ここまで情報にあふれており、先行企業の多様な事例が存在するのにもかかわらず、なぜ実感できる改革を達成できないのか。もちろん働き方改革といった全社を挙げた取り組みにおいては、経営陣のコミットが重要な要素であることは間違いありません。今回は、そういった経営的視点からではなく、現場レベルでどのような思考が改革の妨げになっているのか。ここについて掘り下げていきたいと思います。
私は、以下のような心理が作用しているように感じています。
1.戦意喪失:問題が大きすぎて初めからあきらめている
働き方を変えようにも、働く環境や人事制度を変える動きなんてどうせ取れない。組織が大きくなればなるほど、そうしたあきらめの気持ちが改革の機運を妨げるものです。
上述の通り、働き方改革の実現には経営トップのコミットが必要になるわけですが、現場で働く担当者にとっては、そのトップまでの階層と承認経路を想像しただけであきらめてしまうのも理解できます。そもそも事業部門の一介の担当者には、働き方に関する改革を全社的に動かすというミッションに直接の関与ができないため、それよりも目先の成果を追うことが優先されるでしょう。
一方で、働き方を形作る施策を展開する人事・情報システム・総務といったスタッフ部門においても、この状況にあまり違いはないように感じます。業務が細分化されているので、組織をあげた働き方改革の流れを作ろうとするその初動だけで、相当な労力を必要とするためです。
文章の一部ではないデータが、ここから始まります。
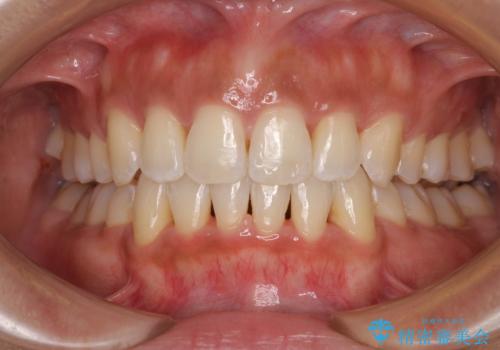 抜歯矯正で唇を閉じやすく 目立たないワイヤー装置の症例 治療後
これは「どうせ自分が1票を投じたところで政治は変わらない」という投票棄権行動にも似ています。結局今年も変わらなかったけれど、でもなぜかそれなりに会社はうまく回っている(ように見える)。この「何となくうまくいってしまっている現状」が次年度にさらなるあきらめを生み、年を追うごとに改革の動きは停滞していきます。
恐らく、改革にチャレンジしようとした人も組織内には多くいるはずです。しかしその情熱を冷却するに十分なハードルの高さが組織内には横たわっている。こうした「改革の意思があったけれどあきらめた人たち」は、組織内に新しく起こる改革に対して、なぜあきらめなくてはいけないかを熱量高く主張する抵抗勢力になることもあるから厄介なものです。